The head of the Australian Communications and Media Authority (ACMA) says that the regulator has found evidence that telcos are not abiding by new complaints-handling rules.
The ACMA has introduced a range of measures aimed at reducing end user complaints related to NBN services. Figures released by the Telecommunications Industry Ombudsman (TIO) in April revealed a year-on-year increase in NBN complaints of 204 per cent in the second half of 2017.
Similarly the Australian Competition and Consumer Commission (ACCC) has seen a significant rise in NBN-related complaints.
The ACMA has rolled out a range of new rules for companies that supply NBN services — with the regulator noting today that all have now all commenced and are enforceable.
• A Service Continuity Standard to stop households being left without broadband if there are problems during the migration to the NBN.
• Migration rules intended to stop consumers being sold unachievable speeds — an issue that has resulted in tens of thousands of households that were sold fibre to the node (FTTN) and fibre to the building (FTTB) services being eligible for compensation from Australia’s biggest telcos.
The complaints-handling rules introduced by the ACMA require telcos to acknowledged complaints within two working days, use their best efforts to resolve complaints on first contact, and resolve complaints within 15 working days.
The ACMA said today it has a “targeted audit of compliance well underway”. “Our preliminary findings indicate that telcos still have a long way to go to comply with these new complaints-handling rules,” said ACMA chair Nerida O’Loughlin.
“Formal investigations into a number of providers are ongoing and we will publish a report on these once finalised.”

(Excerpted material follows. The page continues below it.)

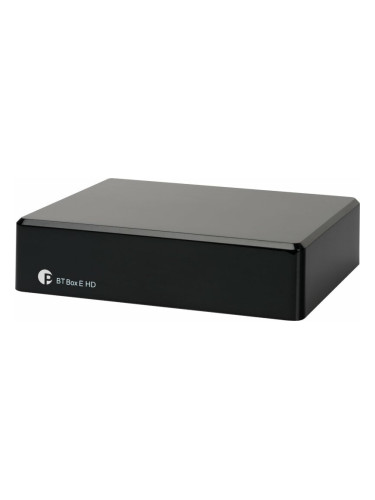 Pro-Ject BT Box E HD Black Аудио приемник / предавател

Industry group Communications Alliance earlier this year called for the ACMA to exercise restraint when it came to enforcing the complaints-handling rules while telcos work on complying with the new regulations.
In August, the ACMA released a statement outlining its approach to compliance and enforcement of the new rules.
“The ACMA expects carriers and service providers—whether large or small, or wholesale or retail—to take the necessary steps to inform themselves about the new rules and their business implications,” the statement said. “Carriers and carriage service providers must plan and implement any necessary changes to their practices and compliance assurance programs.”
“Where we identify a potential breach of the new rules, we will take prompt action that is proportionate to the risks and harms involved but takes account of the need for specific and general deterrence,” the regulator said.
“Actions we take may range from formal warnings, to remedial directions and infringement notices, to initiation of proceedings in the Federal Court.”